Stephanie Arnett/MITTR
人工知能(AI) Insider Online限定
ChatGPT is about to revolutionize the economy. We need to decide what that looks like.

チャットGPT革命で
雇用、経済はどう変わるか?

チャットGPTの登場によって始まった生成AIのゴールドラッシュは、知識労働者や情報労働者にも大きな影響を与える可能性がある。だが、必ずしも「雇用を奪う」といったネガティブな面だけに目を向ける必要はない。生産性の向上やアップスキルにつながるとの報告もある。 by David Rotman2023.04.27

それが単なる夢物語であるかはさておき、ここ数カ月間で人工知能(AI)のゴールドラッシュが始まった。チャットGPT(ChatGPT)のような生成AIモデルがもたらすビジネスチャンスを狙う動きだ。アプリ開発者、ベンチャーキャピタルの支援を受けたスタートアップ、さらには世界有数の大企業が、昨年11月にオープンAI(OpenAI)が発表したセンセーショナルな文章生成ボットが何をもたらすのかを理解しようと躍起になっている。
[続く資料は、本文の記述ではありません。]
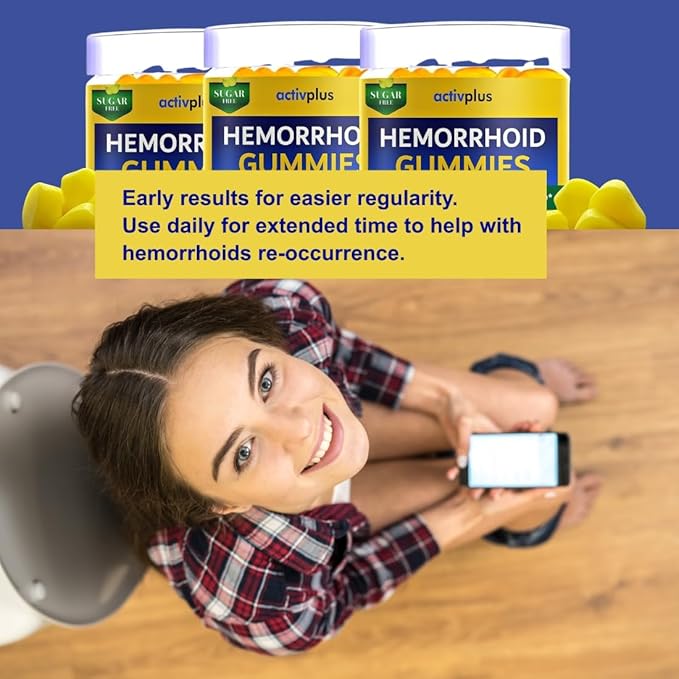 Hemorrhoid Treatment to Reduce Re-occurrences &amp Easier Regularity with Stool Softener | 7 Clinically Studied hemorrhoid Ingredients | Plant-Based Sugar Free Lemon 60 Vegan Gummies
世界中の企業の役員室からこんな悲鳴が聞こえるようだ。「うちのチャットGPT戦略は? どうやったらこれで金を稼げるんだ?」

しかし企業や経営者がこのテクノロジーに勝機を見いだしている一方で、労働者や経済全体に与えるであろう影響はまだまだ明らかになっていない部分が多い。チャットGPTや最近発表された他の生成AIモデルには、物事をでっち上げる傾向などの欠点があるものの、文章作成からグラフィック制作、データの要約や分析まで、これまでは人間の創造力と思考力の領域と考えられていたあらゆる仕事を自動化できると期待されている。しかし経済学者たちは、雇用や全体的な生産性にどのような影響が出るのか確信が持てないでいる。

過去10年でAIをはじめとするデジタルツールが驚異的な進歩を遂げた。しかしそのことによって、我々の豊かさが向上し、幅広い経済成長を促すことができているかというと、残念な結果しか残っていないのが実情だ。一部の投資家や起業家は巨万の富を得たが、大部分の人々はその恩恵を受けていない。自動化によって職を失う人さえ現れるようになった。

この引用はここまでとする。